Kim peki bunca güzel işi, bu dayanışmayı kana bulayan? İŞİD mi ? DAİŞ mi? kim?.. Sorunun cevabı aslında ortada. Peki neden? Buradaki insanlardan ziyade "dayanışmanın" hedef alındığı öyle açık ki. Bu bir çeşit mesaj yada göz dağı değilde nedir? Diğer bir sorum ise nasıl oluyorda polis, MİT ya da birileri farkedemedi bu bombayı? Nasıl! Kobane'ye oyuncak götüren insanların bile üstlerinin başlarının sıkı sıkıya arandığı en ufak bir şüphede ikisinin üçünün tutuklandığı bu kadar kontrollü geçişlerin yapıldığı bir yerde, "canlı bombayı" farkedememek...
Bütün bunları normalleştirmek, ertesi gün olmamış gibi davranmak... Et diyorum, insan eti ne kadar ucuzlamış böyle! Kanın sudan ucuz olması sizin de beyninizi tırmalamıyor mu? Bugün bu oldu yarının bedeli ne olacak peki?
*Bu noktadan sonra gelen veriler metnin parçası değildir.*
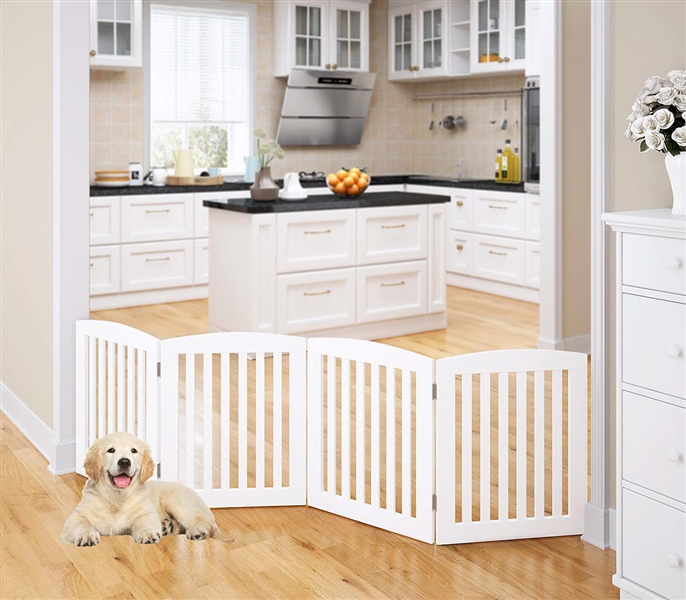 Universe Home Inc Wooden Pet Gate with Support Feet 24 High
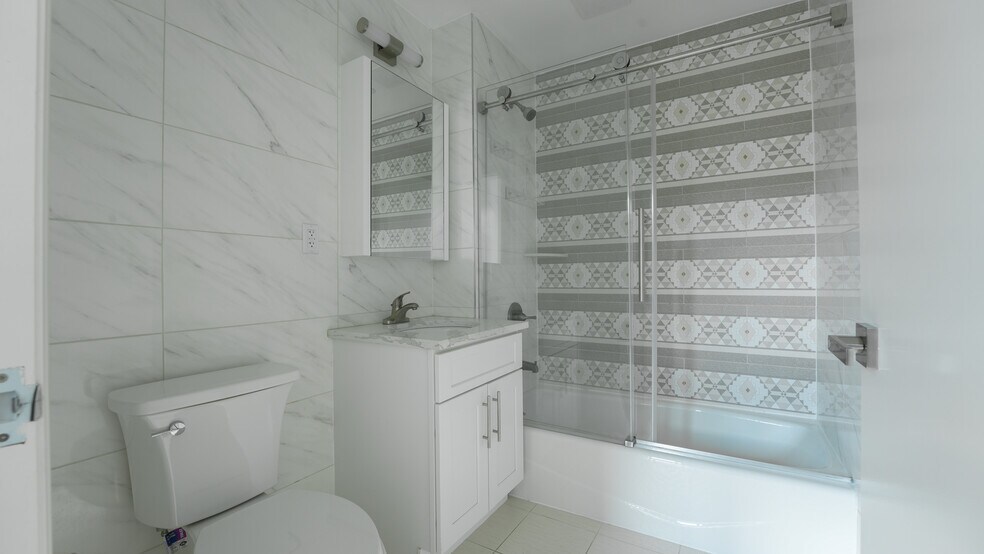 More Photos Of 9501 37th Ave, Flushing Apartments For Sale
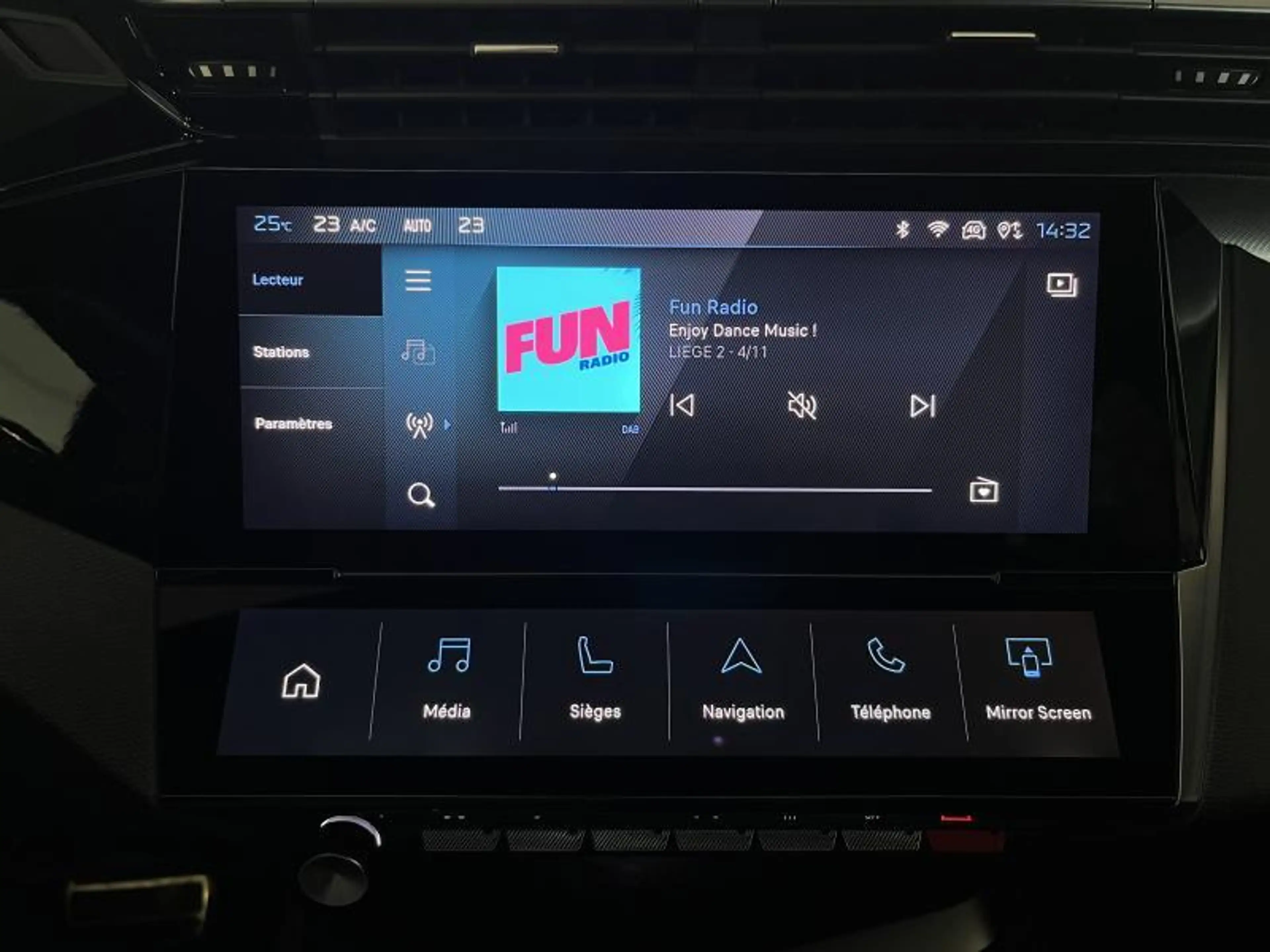 Peugeot 408 GT — photo 15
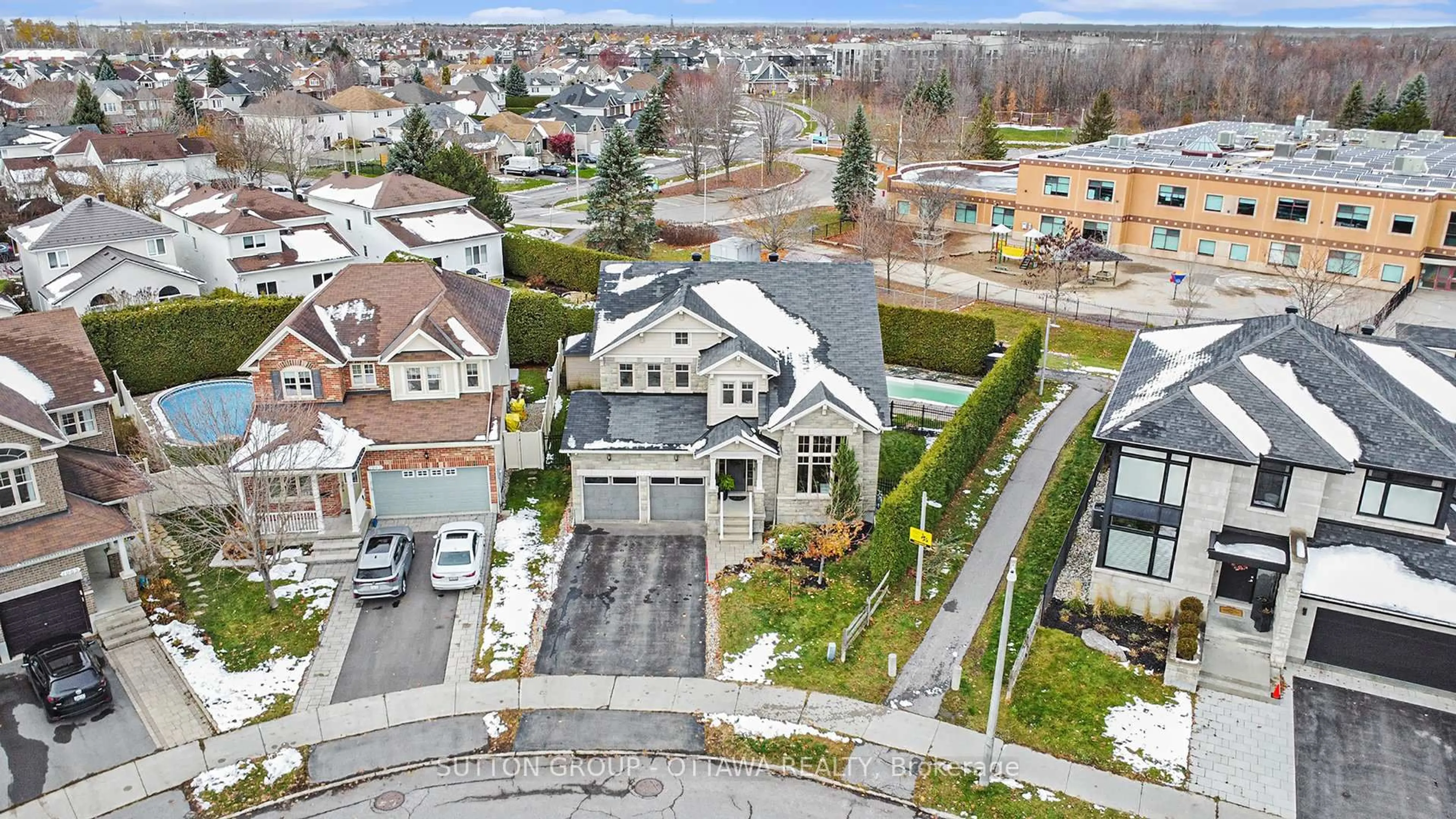 A pic from outside/outdoor area/front of a property/back of a property/a pic from drone, street for 1969 Plainhill Dr, Ottawa Ontario K4A 0G1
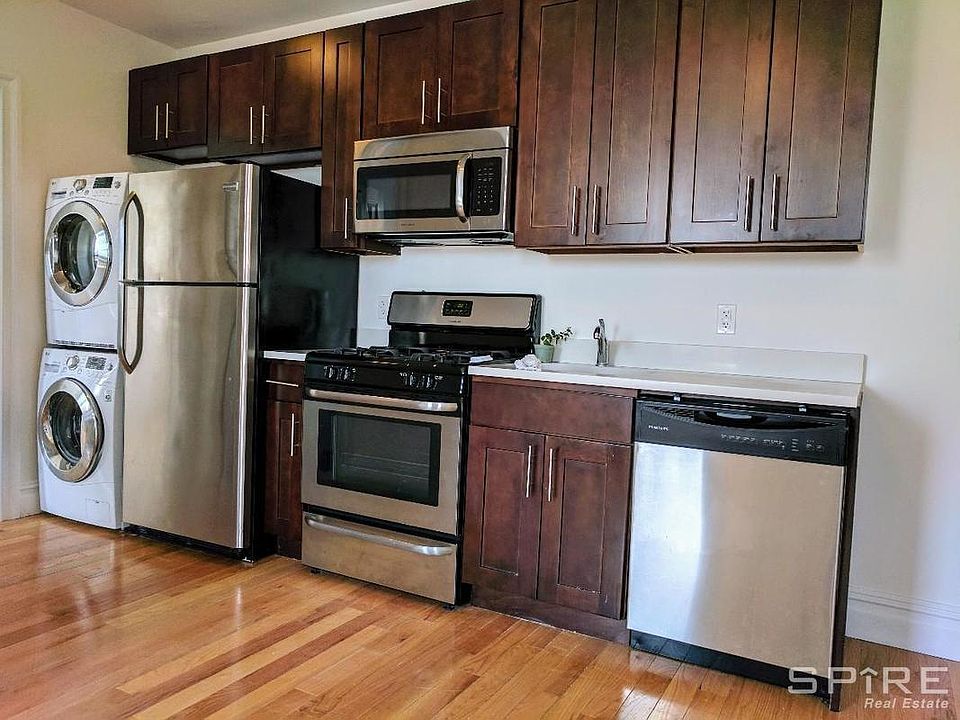 1st image of 186 E 2nd St APT 3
Kilosu kaça kanın yarın bu ülkede? En beteride ne biliyor musunuz? Öğrenemedik bir türlü ölüme saygıyı. Ölümü bile dirhem dirhem bölerek yaşamak. Adıyaman'daki uzman çavuşunda, Suruçta'kininde insan olduğunu bilerek yaşamak. Solcusu, milliyetçisi, islamcısı, her kimse... Bütün ideolojilerden sıyrılıp bakmak ölüme... Hepsi birer evlattı, kardeşti, babaydı bunu unutmayarak, kutuplarımızdan çıkarak, ortak bir noktanın, barışın çemberinde tutarak ölümün kahrolası yasını... Öldürenlerin, kan dökenlerin yüzüne çarpa çarpa! "İstediğiniz kadar öldürün biz yine biriz oturacağız güneşin sofrasında" diye haykıra haykıra.
Hani hep söyleniyordu ya "Kobane düştü" diye, anladım ki bu sefer öldüğümüzde "Kobane değil insanlık düşmüş yerin yedi kat dibine".